Under this line are records; the part from the line containing "Specchio retrovisore specchiet usato Specchio" through the line containing "Chapter 23 - Image 63" should be repeated exactly. Please exclude pictures.

> Stored data:
____
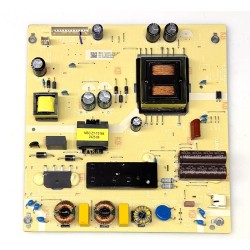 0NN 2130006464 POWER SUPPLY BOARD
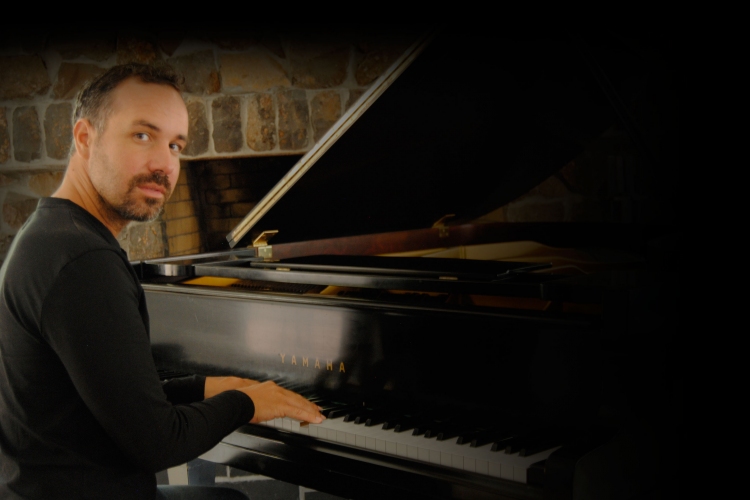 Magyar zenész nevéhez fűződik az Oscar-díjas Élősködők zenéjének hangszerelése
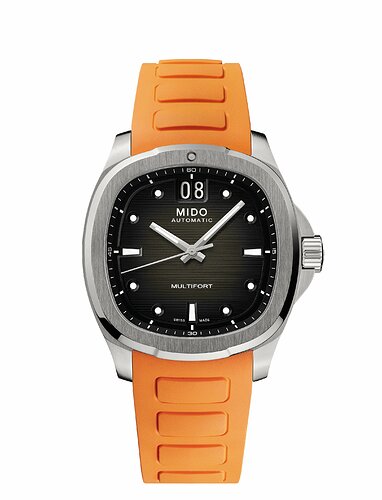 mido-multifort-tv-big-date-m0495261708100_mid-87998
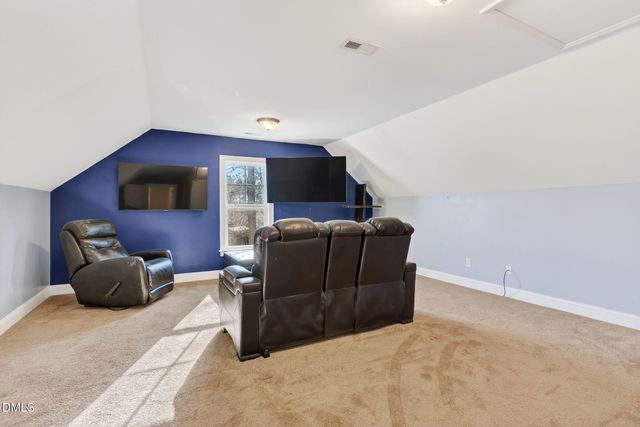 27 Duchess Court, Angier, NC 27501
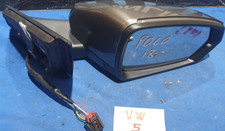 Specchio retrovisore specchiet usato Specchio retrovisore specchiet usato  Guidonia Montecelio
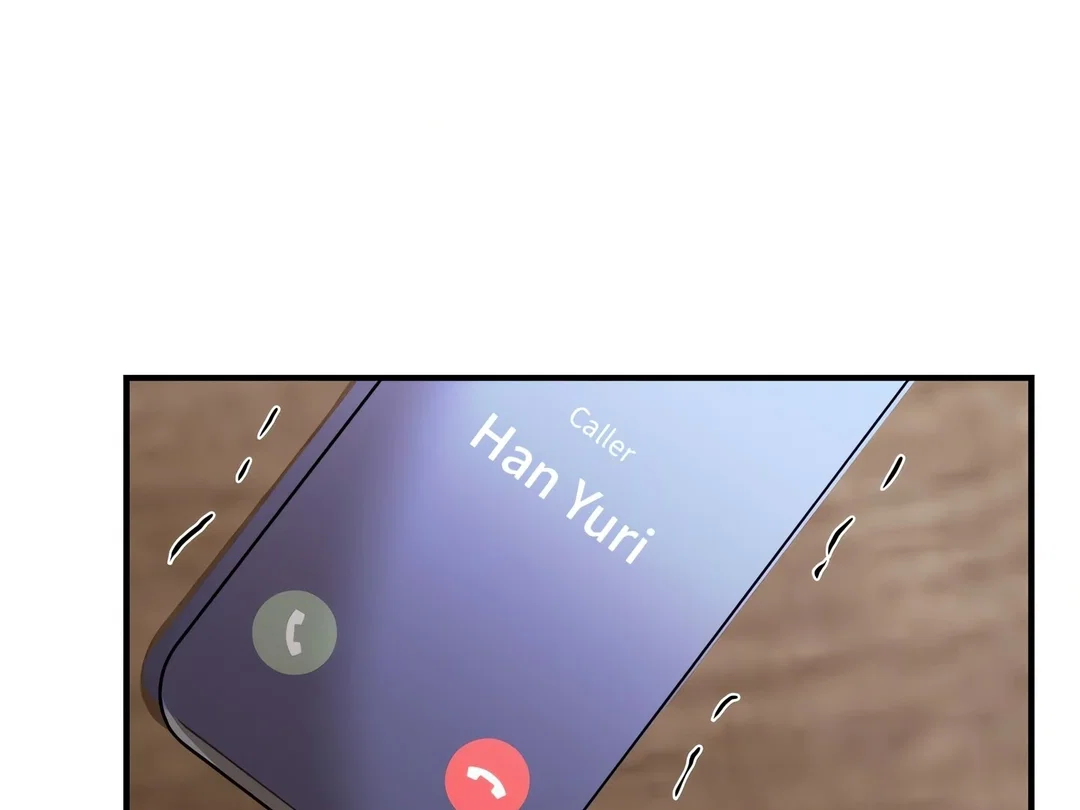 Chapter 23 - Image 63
____
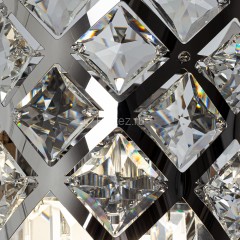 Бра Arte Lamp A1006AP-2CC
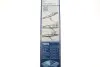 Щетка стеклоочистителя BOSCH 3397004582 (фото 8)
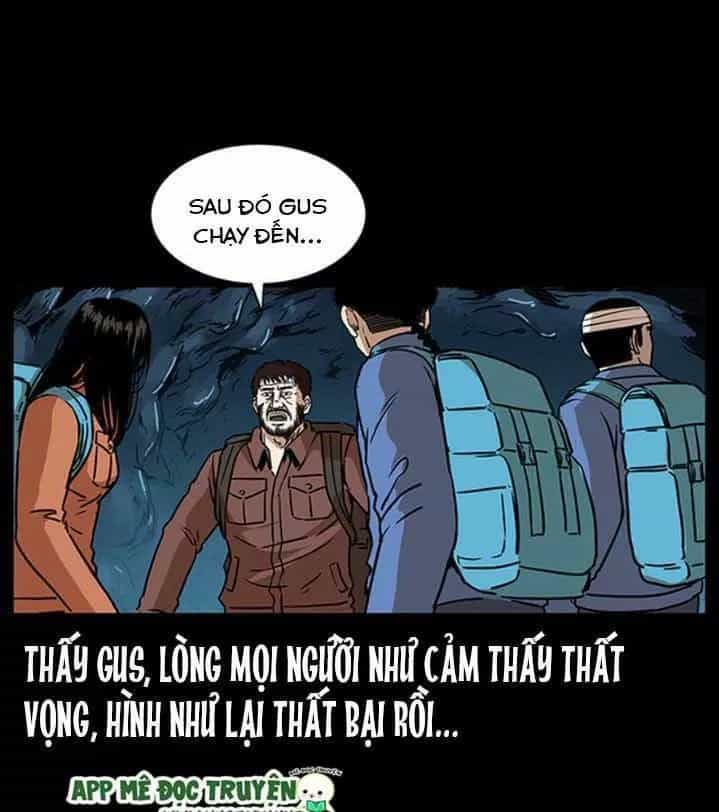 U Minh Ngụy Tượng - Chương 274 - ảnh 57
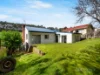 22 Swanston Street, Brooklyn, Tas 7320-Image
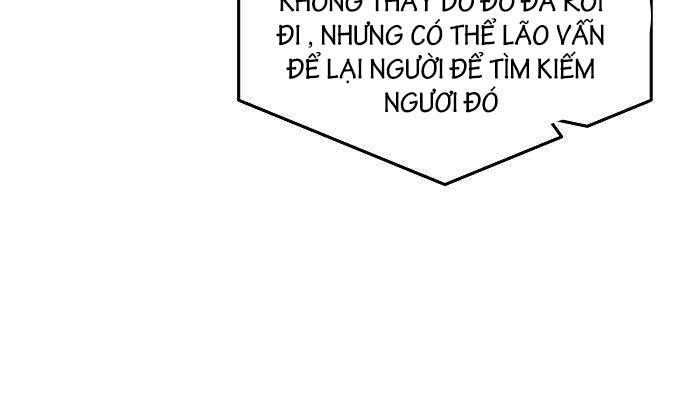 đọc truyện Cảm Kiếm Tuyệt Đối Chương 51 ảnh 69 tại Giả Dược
____
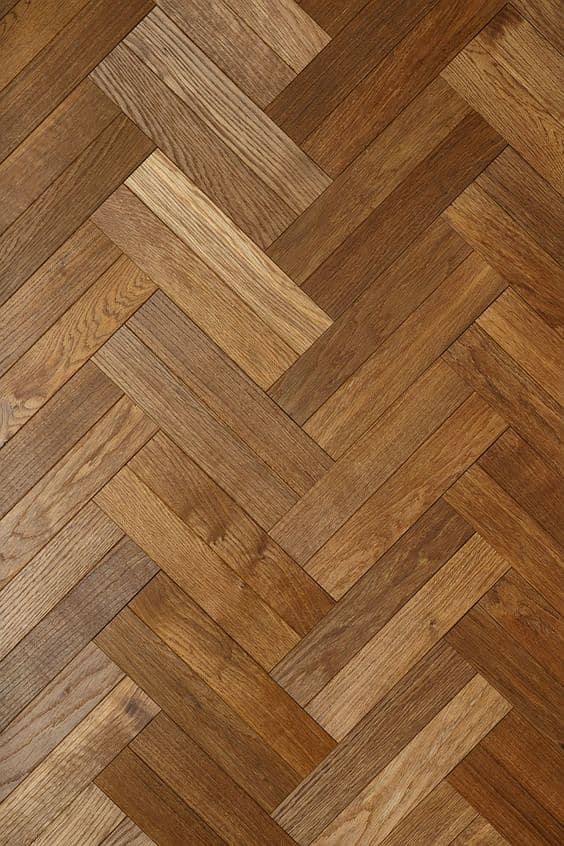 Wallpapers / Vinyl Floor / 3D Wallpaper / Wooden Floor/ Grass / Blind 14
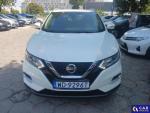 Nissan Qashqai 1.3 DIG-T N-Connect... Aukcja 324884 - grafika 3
____
> Exercise response:
 Specchio retrovisore specchiet usato Specchio retrovisore specchiet usato  Guidonia Montecelio
 Chapter 23 - Image 63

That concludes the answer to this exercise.